Notice that the column we used to create the partition column must be a part of the clustered index column listing. Also, when we specify the Partition Scheme, we must indicate this column – city.
-- Listing 5: Move table to New Partition CREATE CLUSTERED INDEX [ClusteredIndexCity] ON [dbo].[memmanofarms] ( [city] ASC, [PhoneNo] ASC )WITH (PAD_INDEX = OFF, STATISTICS_NORECOMPUTE = OFF, SORT_IN_TEMPDB = OFF, DROP_EXISTING = ON, ONLINE = OFF, ALLOW_ROW_LOCKS = ON, ALLOW_PAGE_LOCKS = ON) ON [PartSch](city); GO ‘
After running this code, the table sits on the Partition Scheme:
A Little on Performance
When we run both questions with the partitioned and non-partitioned tables, we see little difference in performance without the index. In both cases, SQL Server uses an index seek when the clustered index is in place and a full table scan otherwise. However, we have more reads when running these queries on the partitioned table. This is expected since we have in effect forced distribution of the data across “distant” pages.
We are using the following code in Listing 6 as a benchmark of sorts.
-- Listing 6: Querying Partitioned and Non-Partitioned Tables SELECT COUNT(*) FROM memmanofarms WHERE city='Accra'; SELECT * FROM memmanofarms WHERE city='Accra';
If you are interested in obtaining more information from the Query Plan Diagram, you may refer to its more advanced version available in dbForge Studio for SQL Server – it also includes the Query Profiler functionality for your needs.

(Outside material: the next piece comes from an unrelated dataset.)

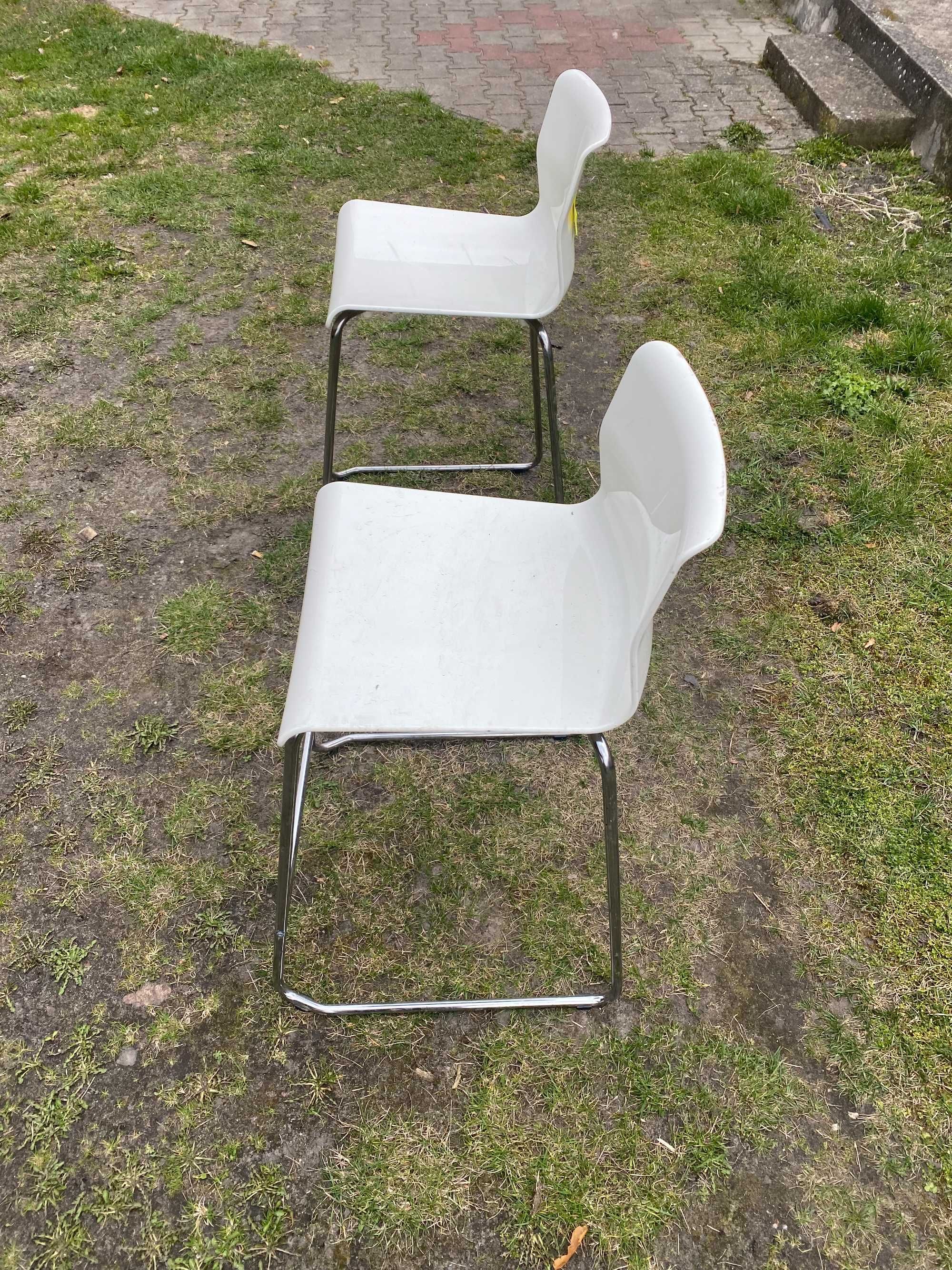 Krzesła barowe wysokie białe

We have explored the process of creating a partitioned table. The references section lists more resources related to the use of partitioning for archiving old data. We have also shown that partitioning does not necessarily introduce a significant improvement in performance without other enhancements such as the right CPU and proper MAXDOP configuration.